Relative of children found dead in suitcase likely in SKorea: Police

South Korean police say they believe a possible relative of two children whose bodies were found in suitcases in New Zealand last week is likely in South Korea.

Immigration records show that the unidentified woman in her 40s arrived in South Korea in 2018, but there has been no record of her departure since, said Park Seung-hoon, an official at the National Police Agency in Seoul.

New Zealand police investigators work at a scene in Auckland after bodies were discovered in suitcases bought at storage place auction. Credit:NZ Herald/AP

Park said South Korean police have conveyed the information to New Zealand police after receiving a request for investigative help.
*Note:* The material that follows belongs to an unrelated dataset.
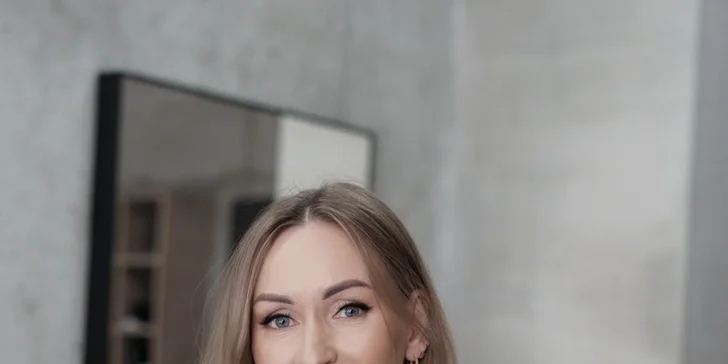 Vlasová proměna: dámský střih, barvení odrostů i celých vlasů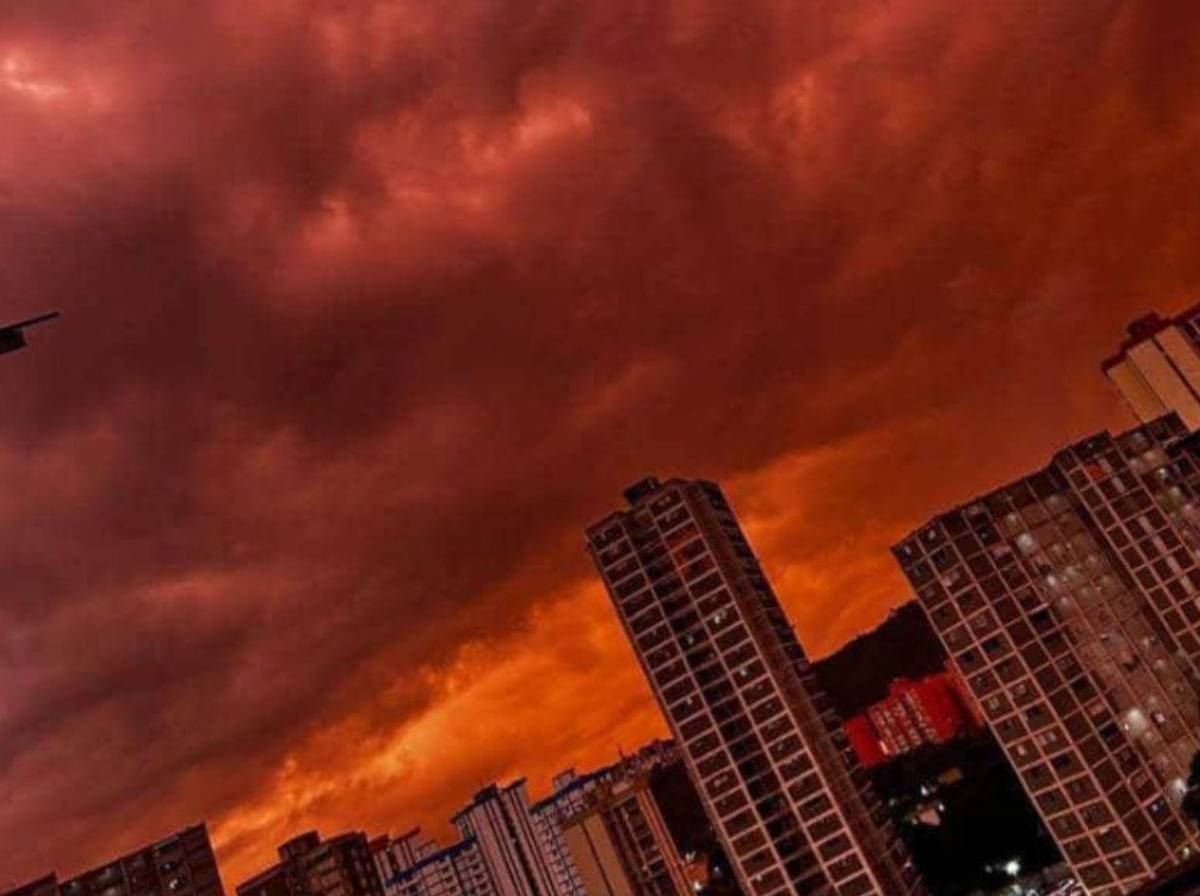 Venezuela: el cielo se tiñe de rojo en Caracas una semana después del doble terremoto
But South Korean police currently have no authority to track down the woman’s whereabouts or detain her as she remains a New Zealand citizen possibly linked to a crime that had happened in New Zealand, Park said.

It would be difficult for South Korean police to pursue her unless New Zealand officially requests her extradition, which may happen if the investigation proceeds to a point where Interpol places a red notice against her, Park said.

Her whereabouts and whether she had other relatives with her when she arrived in South Korea were not immediately known.

The woman was born in South Korea and later moved to New Zealand where she gained citizenship. New Zealand police suspect the woman could be the mother of the children found dead, as her past address in New Zealand was registered to a storage unit where the suitcases were kept for years, according to Park.

“If the woman is clearly identified as a suspect and an arrest warrant is received, there is a high possibility of an Interpol red notice. We will then proceed with the extradition process,” an official from the Foreign Affairs Bureau of the National Police Agency told reporters in Seoul, according to the Hankyoreh newspaper.

The remains of the children were found last week in suitcases a New Zealand family purchased from an online auction that involved abandoned goods. The children were between five and 10 years old and had been dead for a number of years, and the suitcases had been kept in storage for at least three or four years, Detective Inspector Tofilau Faamanuia Vaaelua said.

It is not known if the children were enrolled in school before they died.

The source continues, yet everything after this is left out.